----- Extracted material

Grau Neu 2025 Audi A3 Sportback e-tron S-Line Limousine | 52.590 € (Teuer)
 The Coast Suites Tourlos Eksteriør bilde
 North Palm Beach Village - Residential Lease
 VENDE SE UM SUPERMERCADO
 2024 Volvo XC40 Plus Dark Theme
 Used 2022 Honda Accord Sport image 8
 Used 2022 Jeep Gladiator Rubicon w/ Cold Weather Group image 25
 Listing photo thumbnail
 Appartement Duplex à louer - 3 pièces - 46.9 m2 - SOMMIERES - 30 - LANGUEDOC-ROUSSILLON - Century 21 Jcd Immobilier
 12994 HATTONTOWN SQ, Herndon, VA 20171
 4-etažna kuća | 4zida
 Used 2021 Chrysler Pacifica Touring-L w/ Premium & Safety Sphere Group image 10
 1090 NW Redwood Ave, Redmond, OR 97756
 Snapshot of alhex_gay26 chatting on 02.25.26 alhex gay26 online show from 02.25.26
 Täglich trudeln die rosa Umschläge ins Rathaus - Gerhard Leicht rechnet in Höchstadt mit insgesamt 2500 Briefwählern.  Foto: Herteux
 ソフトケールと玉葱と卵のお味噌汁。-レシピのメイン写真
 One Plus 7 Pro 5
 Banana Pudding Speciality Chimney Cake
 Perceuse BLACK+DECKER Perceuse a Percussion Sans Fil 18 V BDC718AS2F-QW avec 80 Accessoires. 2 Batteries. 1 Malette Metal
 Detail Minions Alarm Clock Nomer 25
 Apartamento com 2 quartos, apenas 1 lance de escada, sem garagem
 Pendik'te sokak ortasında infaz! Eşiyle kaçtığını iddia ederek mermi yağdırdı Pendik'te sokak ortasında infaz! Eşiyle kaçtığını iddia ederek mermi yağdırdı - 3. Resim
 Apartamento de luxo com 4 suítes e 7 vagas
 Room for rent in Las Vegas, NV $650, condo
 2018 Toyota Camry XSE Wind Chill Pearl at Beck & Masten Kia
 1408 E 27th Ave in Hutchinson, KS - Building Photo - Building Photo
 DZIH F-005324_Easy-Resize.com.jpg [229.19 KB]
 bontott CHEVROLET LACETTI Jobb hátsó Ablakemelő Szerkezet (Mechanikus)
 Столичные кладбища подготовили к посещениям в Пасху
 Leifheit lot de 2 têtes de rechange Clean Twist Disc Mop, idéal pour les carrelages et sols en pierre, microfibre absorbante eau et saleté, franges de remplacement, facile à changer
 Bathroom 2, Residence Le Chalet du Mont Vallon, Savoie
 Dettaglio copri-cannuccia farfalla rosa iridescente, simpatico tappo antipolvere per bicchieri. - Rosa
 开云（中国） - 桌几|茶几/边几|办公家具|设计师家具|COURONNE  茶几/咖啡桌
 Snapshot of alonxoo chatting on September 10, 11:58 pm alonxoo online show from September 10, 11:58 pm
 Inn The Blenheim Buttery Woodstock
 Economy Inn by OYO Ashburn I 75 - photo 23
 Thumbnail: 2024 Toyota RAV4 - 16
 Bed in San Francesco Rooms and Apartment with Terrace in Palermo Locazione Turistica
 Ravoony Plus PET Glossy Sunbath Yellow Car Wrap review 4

----------

Lines above that contain the string "Group" make up the answer.

 Used 2022 Jeep Gladiator Rubicon w/ Cold Weather Group image 25
 Used 2021 Chrysler Pacifica Touring-L w/ Premium & Safety Sphere Group image 10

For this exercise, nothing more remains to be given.